If the NFL can accomplish this, Aaron Rodgers may have a more difficult time getting his opponents to jump offside with his well vocalized hard count. That’s because the NFL is reportedly testing helmets that include face masks with surgical or N95 material. The NFL is working to figure out how to best hold the season amid this pandemic. The league has said that it plans to start the season on time in September, though it will likely have to do so without fans in attendance. Plenty of other precautions, like the possibility of N95 masks, are sure to be implemented as well.
The NFL Players Association medical director, Thom Mayer, has recommended that players wear modified facemasks in the upcoming season to help protect themselves. He also stated that league engineers are currently testing prototypes with Oakley, Inc.

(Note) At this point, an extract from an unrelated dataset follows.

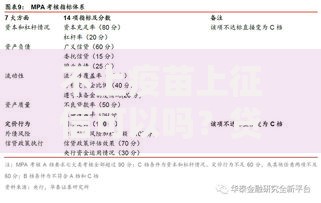 不上疫苗上征信可以吗？贷款征信机制深度解析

While speaking on the Adam Schefter podcast, NFL Players Association medical director Dr. Thom Mayer revealed that some modified facemasks that could help to protect players are already being worked on. https://t.co/C4gishHvBu
— News4JAX (@wjxt4) May 20, 2020
On Monday, Mayer appeared on The Adam Schefter Podcast and spoke about what he believes will occur this upcoming season regarding player safety. He told Schefter that “They’ve got some prototypes. They’re doing really good work. Some of them, when you first look at them, you think, ‘Gosh, no’ ’cause you’re not used to seeing it. You’re just not used to seeing it. But they’re looking at every issue you can imagine, including when it fogs up. What do we do with that? But these guys are used to dealing with this stuff.”
Mayer also had suggestions for player safety once the season begins, including protocols that he would like implemented during games and practices. “Getting the helmet off, putting a mask on right afterward, maintaining social distancing when not in the field as much as possible, using single-use hydration — whether water, Gatorade, whatever it might be — I mean, just every little detail,” he said. “Anybody who’s got a risk, I would advise them to be zealous, religious, and, frankly, almost maniacally committed to minimizing the chance of spreading the virus.”
While a modified facemask wouldn’t protect players 100% from contracting the virus, it could certainly help, especially if the NFL and its helmet partners can work out any issues that might cause the modified helmets to hinder the players’ ability to perform on the field.